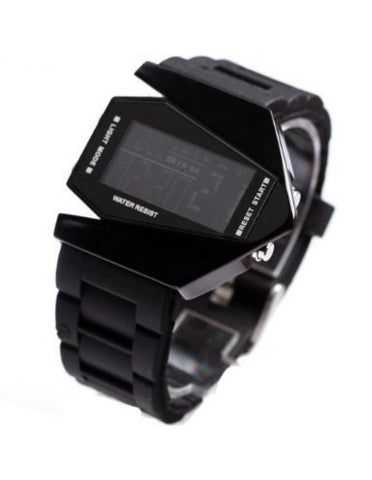 Elegant Plane Style Digital Display LED Silicone Wrist Watch Black - SmokingCats  - Discreet Ship from Texas !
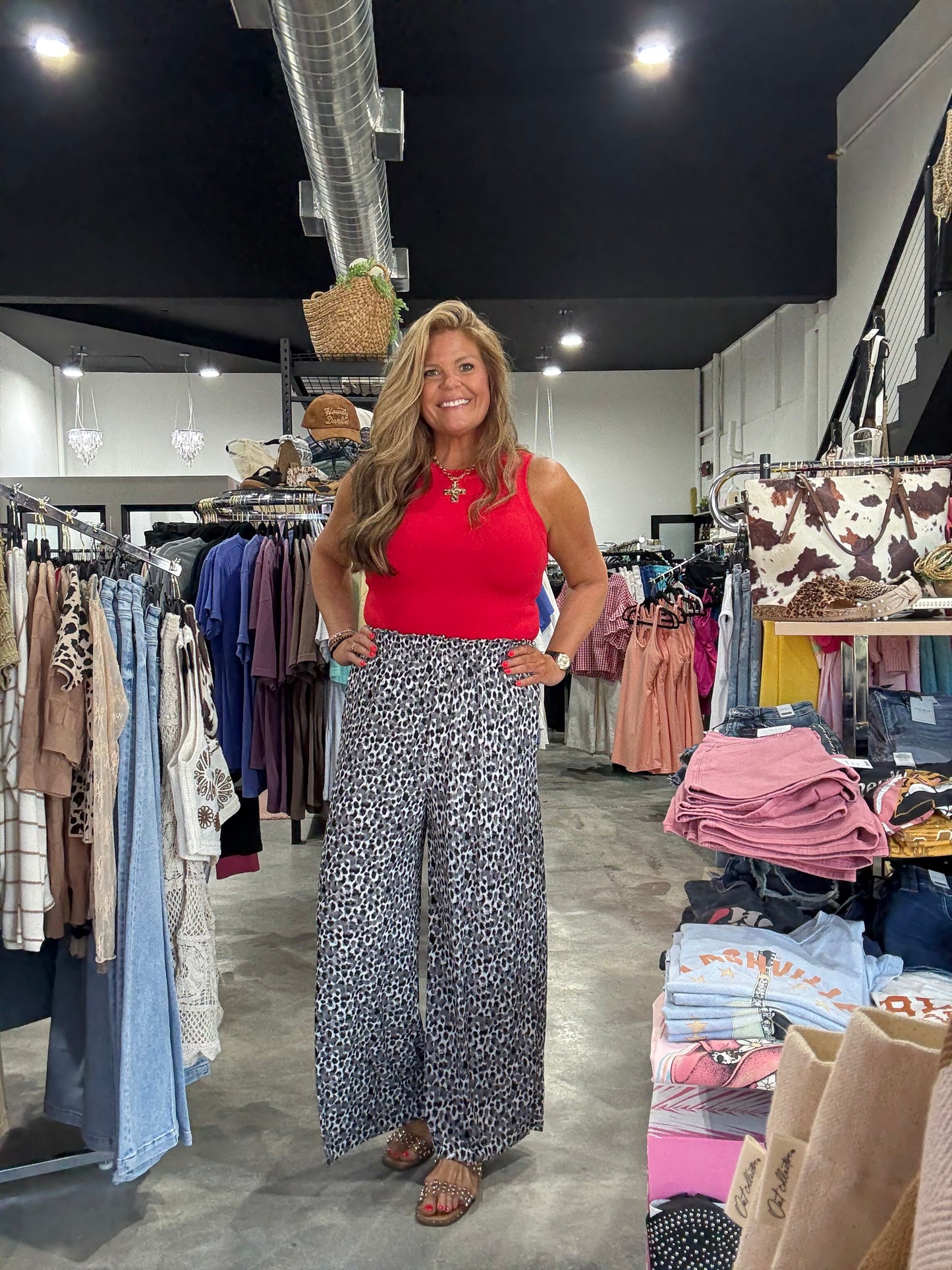 The Leopard Wide Leg Pants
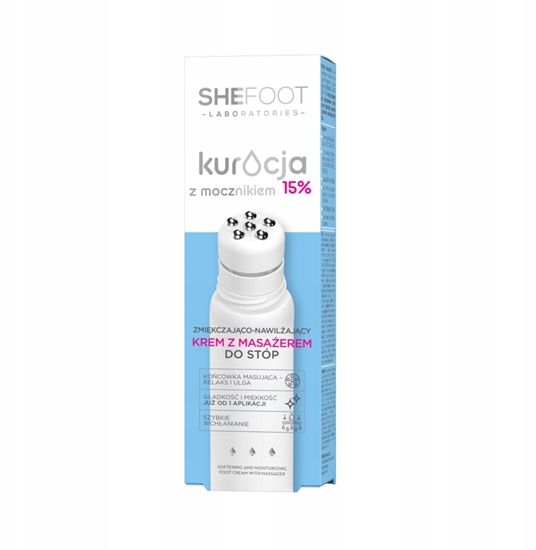 Изображение SheFoot SHEFOOT Kuracja z mocznikiem zmikczajco - wygdzajcy Krem z masaerem do stóp 15% mocznika 50 ml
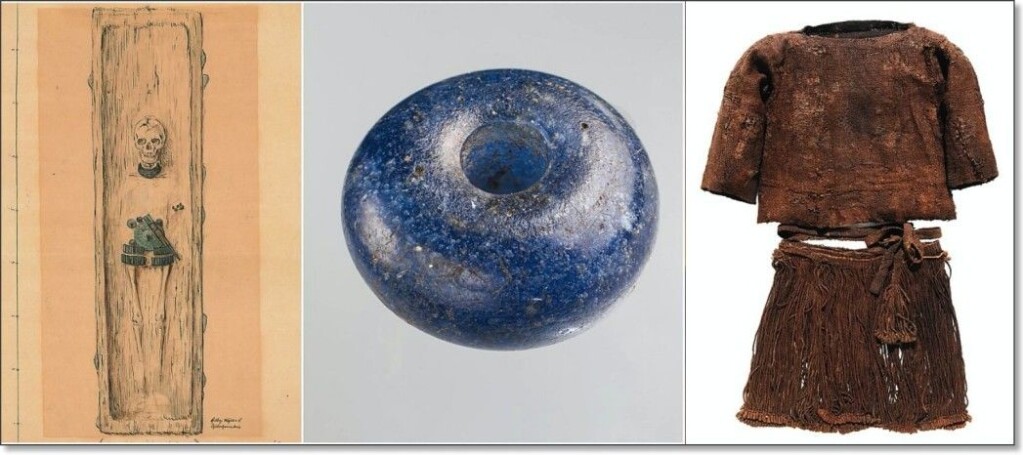 The Ølby woman was buried 3300 years ago. Her clothes were very well preserved and give archaeologists unique insights into how a Nordic woman dressed so long ago. The woman wore a tied skirt that was typical for Bronze Age women. She also had a short sword made of metal from Austria, a chest buckle made of metal from Italy and a metal neck collar from Slovakia. There was also a small blue glass bead in the grave, which came from Egypt. The Ølby woman illustrates how globalized the Nordic countries were during the Bronze Age. The Ølby woman was buried 3300 years ago. Her clothes were very well preserved and give archaeologists unique insights into how a Nordic woman dressed so long ago. The woman wore a tied skirt that was typical for Bronze Age women. She also had a short sword made of metal from Austria, a chest buckle made of metal from Italy and a metal neck collar from Slovakia. There was also a small blue glass bead in the grave, which came from Egypt. The Ølby woman illustrates how globalized the Nordic countries were during the Bronze Age.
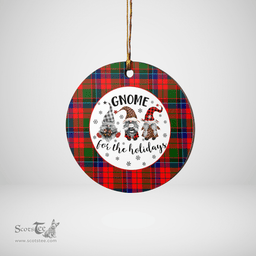 Scottish Macnicol Clan Tartan Ceramic Ornament - Gnome Round Style Scottish Plaid Tartan Plaid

— Problem —
Your copy should hold every entry exactly as written, but none of the pictures.

— Result for this exercise —
 Elegant Plane Style Digital Display LED Silicone Wrist Watch Black - SmokingCats  - Discreet Ship from Texas !
 The Leopard Wide Leg Pants
 Изображение SheFoot SHEFOOT Kuracja z mocznikiem zmikczajco - wygdzajcy Krem z masaerem do stóp 15% mocznika 50 ml
 The Ølby woman was buried 3300 years ago. Her clothes were very well preserved and give archaeologists unique insights into how a Nordic woman dressed so long ago. The woman wore a tied skirt that was typical for Bronze Age women. She also had a short sword made of metal from Austria, a chest buckle made of metal from Italy and a metal neck collar from Slovakia. There was also a small blue glass bead in the grave, which came from Egypt. The Ølby woman illustrates how globalized the Nordic countries were during the Bronze Age. The Ølby woman was buried 3300 years ago. Her clothes were very well preserved and give archaeologists unique insights into how a Nordic woman dressed so long ago. The woman wore a tied skirt that was typical for Bronze Age women. She also had a short sword made of metal from Austria, a chest buckle made of metal from Italy and a metal neck collar from Slovakia. There was also a small blue glass bead in the grave, which came from Egypt. The Ølby woman illustrates how globalized the Nordic countries were during the Bronze Age.
 Scottish Macnicol Clan Tartan Ceramic Ornament - Gnome Round Style Scottish Plaid Tartan Plaid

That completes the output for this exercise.